Arnold, I hope you'll forgive me for posting this both on Overcoming Bias and here, but I'd be very interested to hear thoughts on these questions from both of you.


Your augment/replace waterline model is, IMHO, profound. To bring it down to our current situation:

Have we reached that plateau? Perhaps sometime in the 70s, give or take?

Is it related to the limits of (aggregate) human cognitive capacity? IOW, since 50% of people have an IQ below 100, and “valuable” knowledge-worker tasks are requiring ever-greater cognitive skills, can the ameliorating effects of education continue to maintain the augment/replace ratio?

Since machines currently are not people, but are owned by people (so the machines’ earnings go to the owners), could this explain the increasing wealth and income disparities (labor vs. capital, wages versus rents) in recent decades?

Re: your much-less-than-satisfying answer to the question about Germany’s success (highly industrialized, but with major social programs): is it possible that in order to maintain demand for ever-more-efficient productive capacity, government redistribution is a necessity? No–not at 1,000 times some imagined level, but somehow relative to per-capita shares of production?

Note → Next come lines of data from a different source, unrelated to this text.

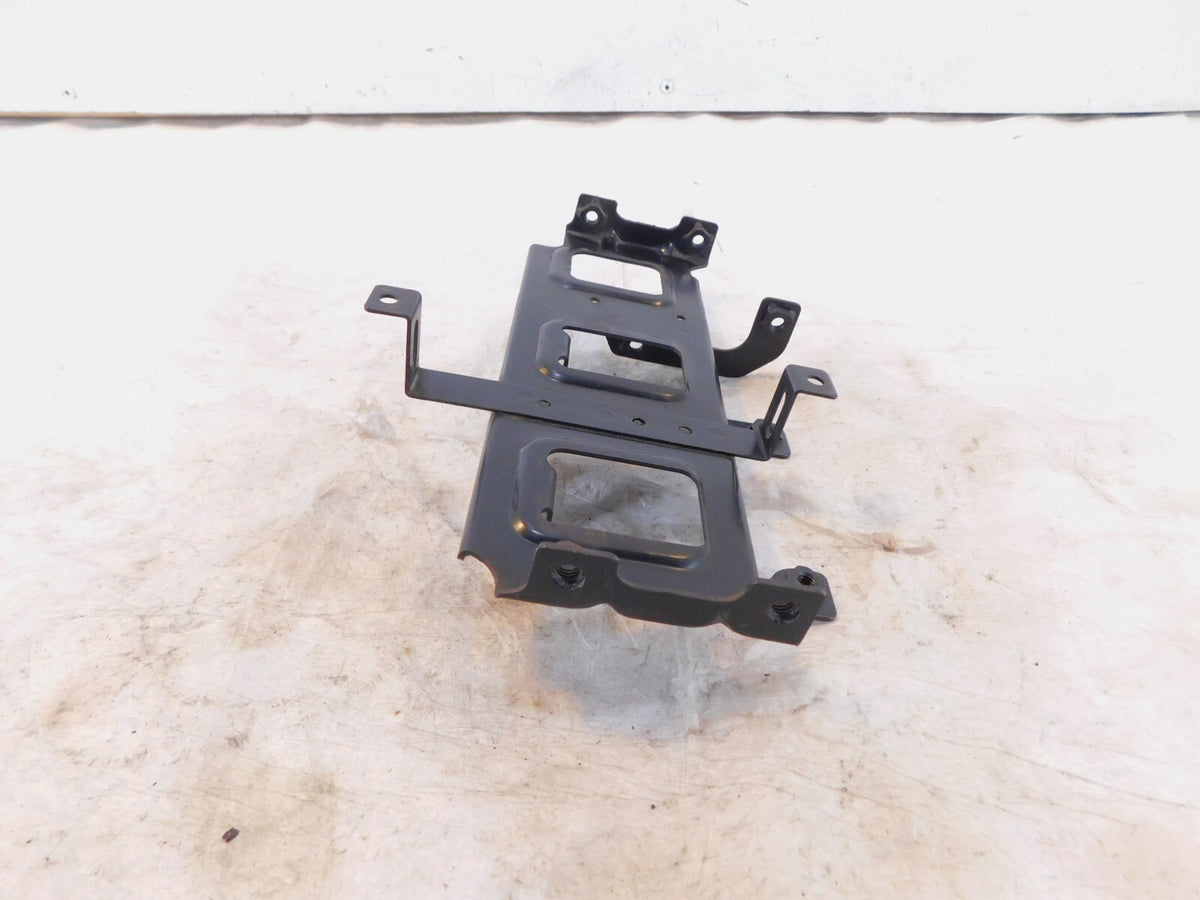 1985-07 Yamaha V-Max 1200 VMX12 VMX1200 Black Center Bridge Plate Mount Bracket - C3 Cycle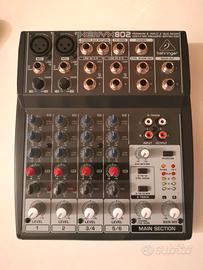 Mixer Behringer Xenyx 802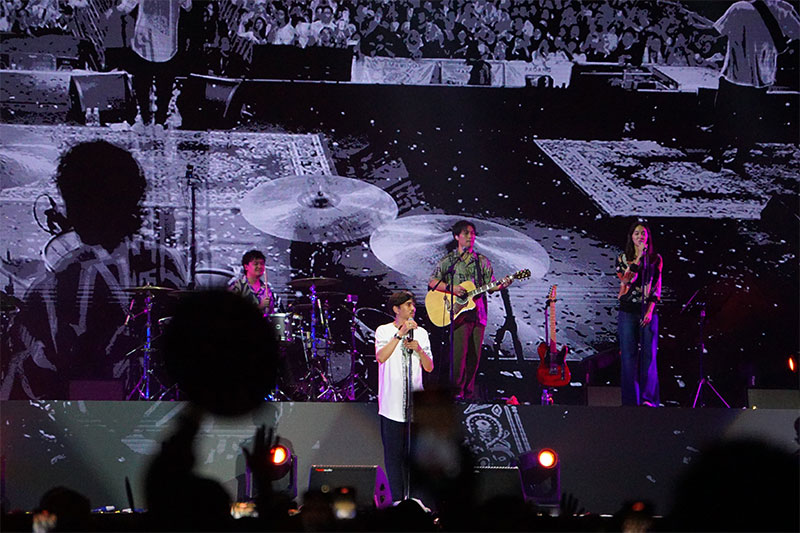 Booth Bank bjb di Konser Sheila on 7 Pekanbaru, melayani dan mempermudah nasabah mendapatkan tiket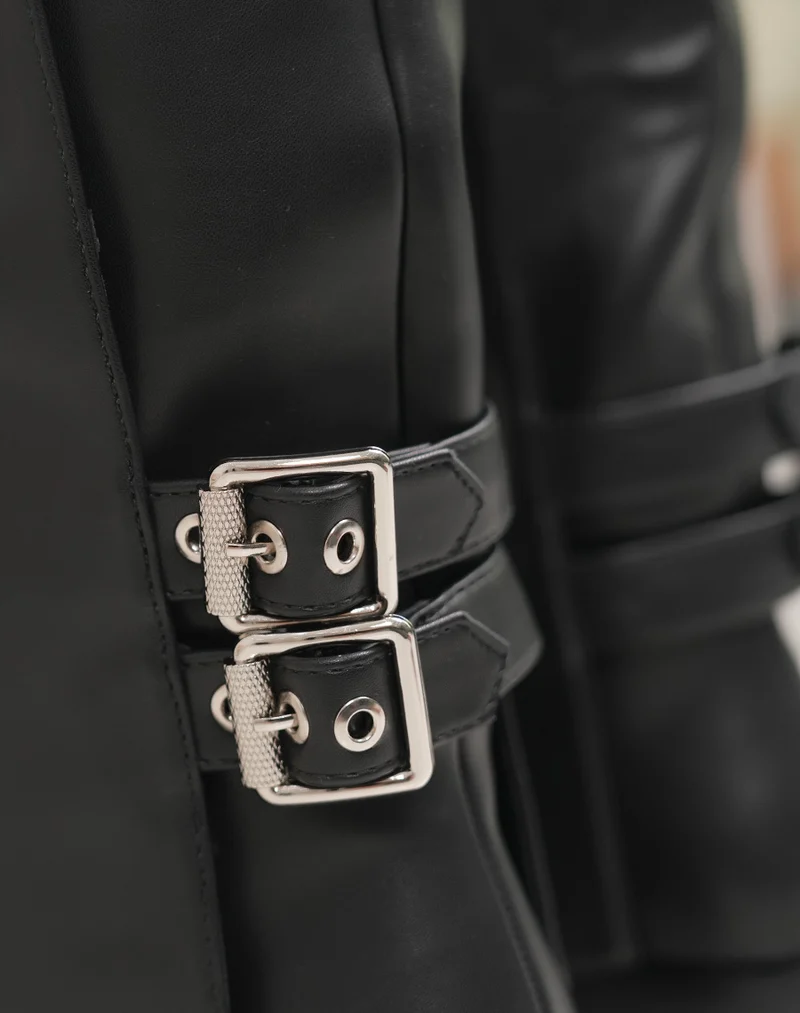 Bottes noires à revers avec boucles argentées et semelle crantée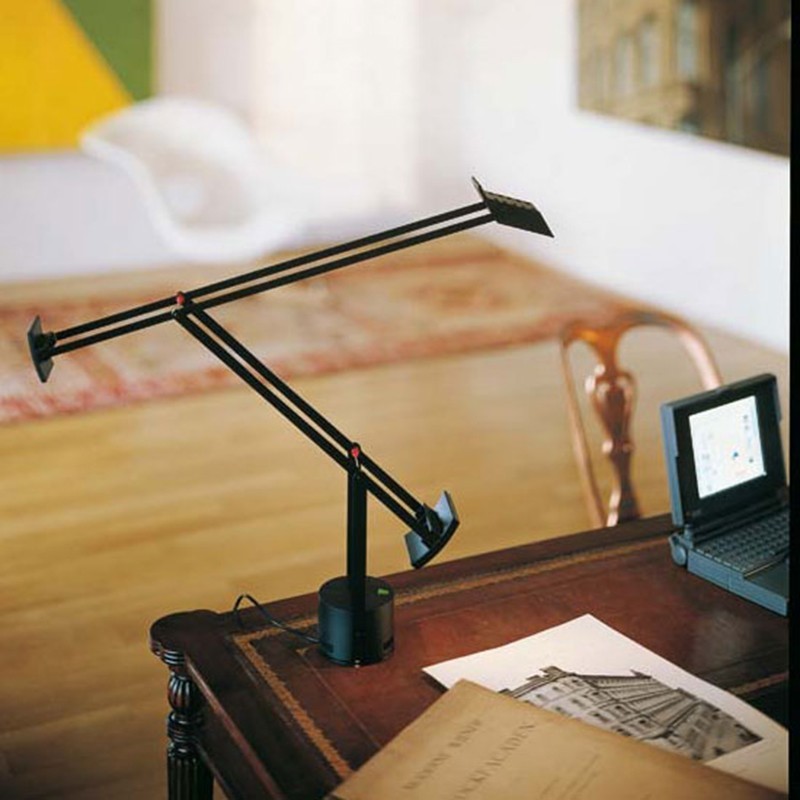 https://objectstorage.ap-seoul-1.oraclecloud.com/n/cnk6gaix2gpw/b/loqoqo-conv/o/artemide/tizio-led-table-lamp-black/22627.jpg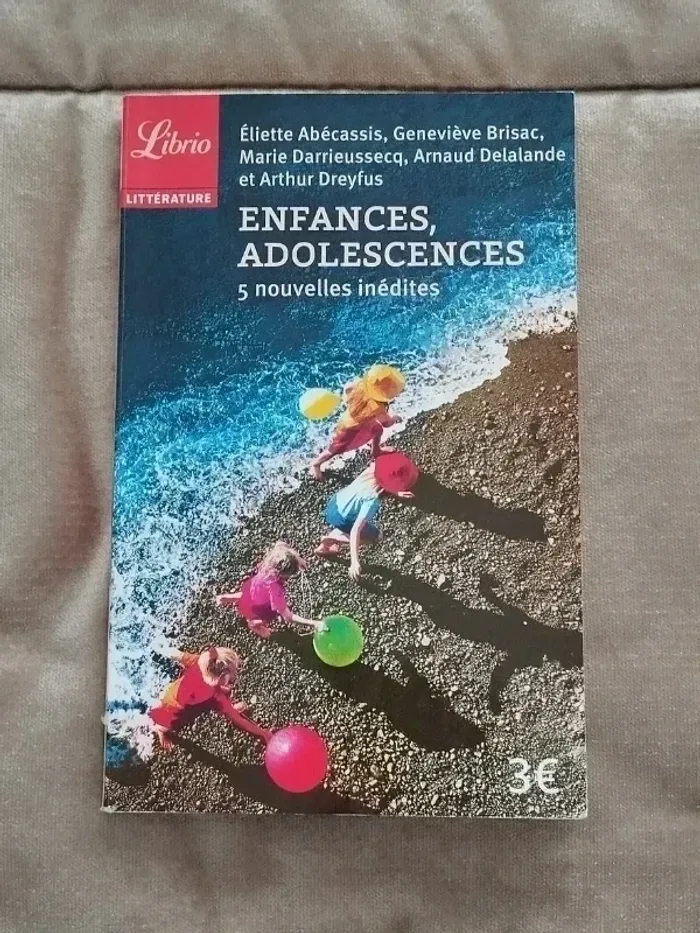 Livre enfances adolescences 5 nouvelles inédites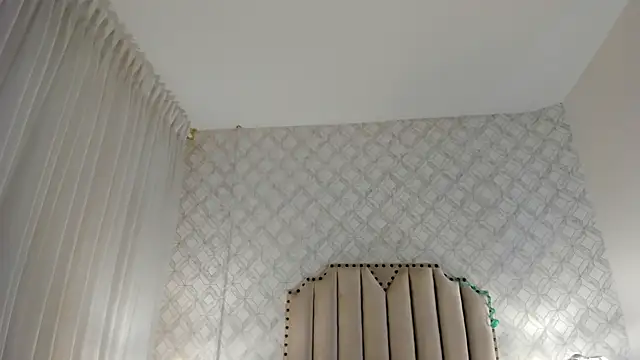 mika doll online show from 03/18/26, 03:42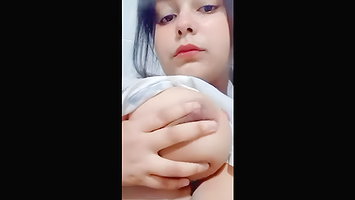 Bigboob Girl Playing With Boobs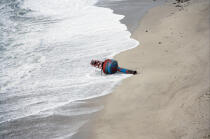 Balise échouée sur la plage. © Philip Plisson / Plisson La Trinité / AA13929 - Nos reportages photos - Audierne [Baie d']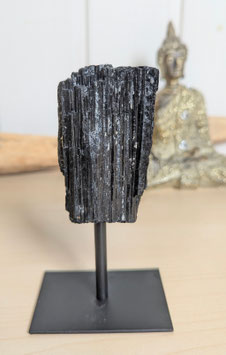 Schwarzer Turmalin auf Metallständer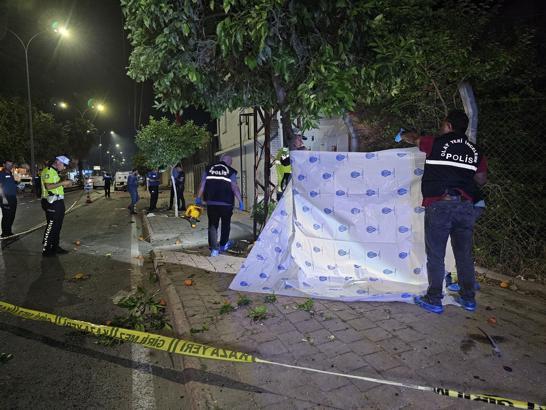 Otomobilin vurup, kaçtığı bisikletli öldü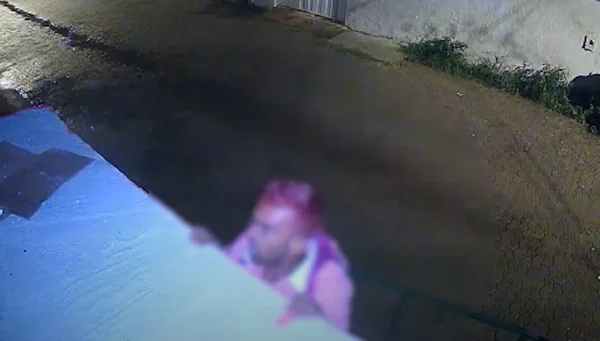 homem invadindo bar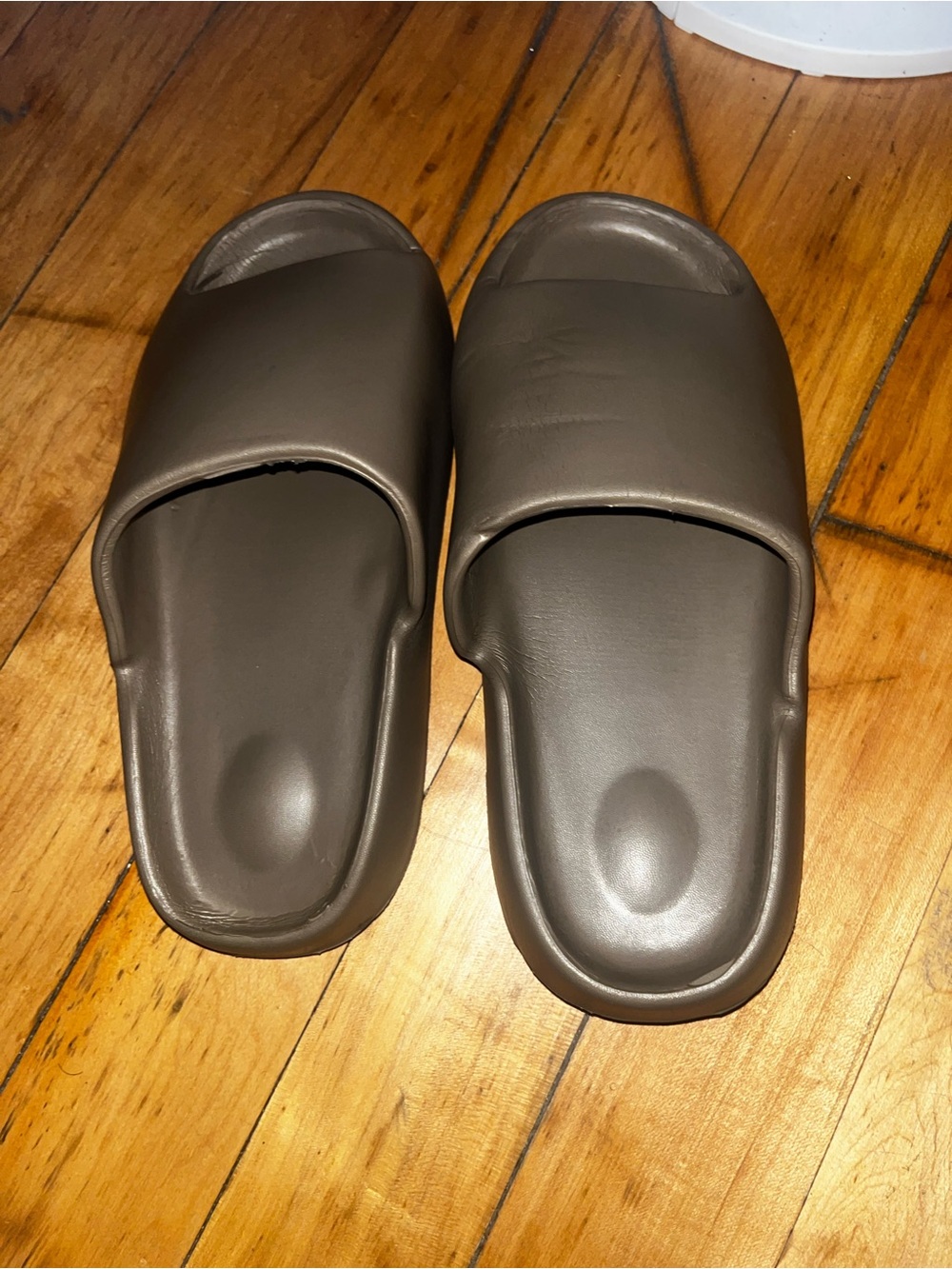 Minimal Foam Slide Sandals in Dark Brown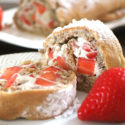 Low Carb Erdbeer-Sahne-Rolle ohne Mehl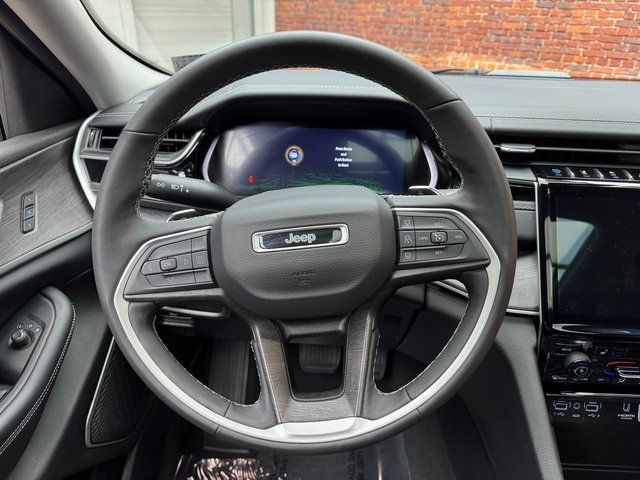 Used 2022 Jeep Grand Cherokee Limited 4xe image 15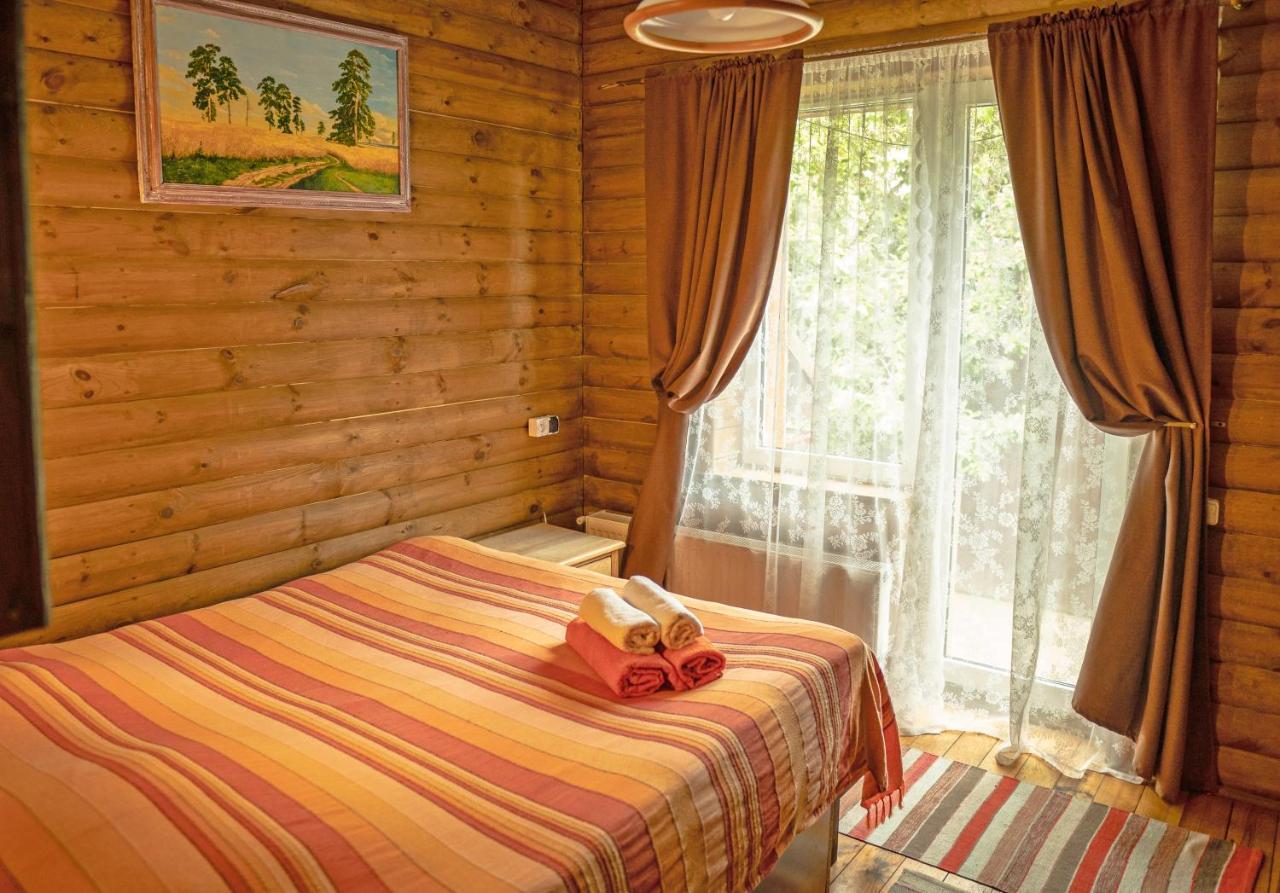 Usadba Belovezhskoye Pomestye Hotel Kamenyuki Kültér fotó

Given that individual utility functions (as measured by “happiness”) seem to flat-line at about $15K in annual income in developing countries, about $60K in the U.S. (yes, iffy stuff, but the threshold/flat-line seems likely at some level), can the demand from a small cadre of owners–who don’t “value” most goods very highly–provide the demand necessary to keep the economic log rolling?

Could the absence of this widespread demand–making it difficult for capital to find productive investments that pay a good return–explain the massive increase in “casino investing” over recent decades? A desperate search for returns in a world where demand does not reward valuable production?

IOW, could the Luddites (finally) be right? Even a stopped clock…

Loof writes:

Robin Hanson is plainly utopian accumulating positive conventional wisdoms in qualifying the use of future technology for long-term growth. He neglects all negative feedback: i.e. Damocles’ absolute nuclear sword, held by a thread, now hanging over our heads.

Chris writes:

The problem I have with Hanson's model is that he doesn't seem to think there is a lower bound to how quickly the economy can double. At some point it's going to be impossible for human society to physically implement and adapt to technology any faster.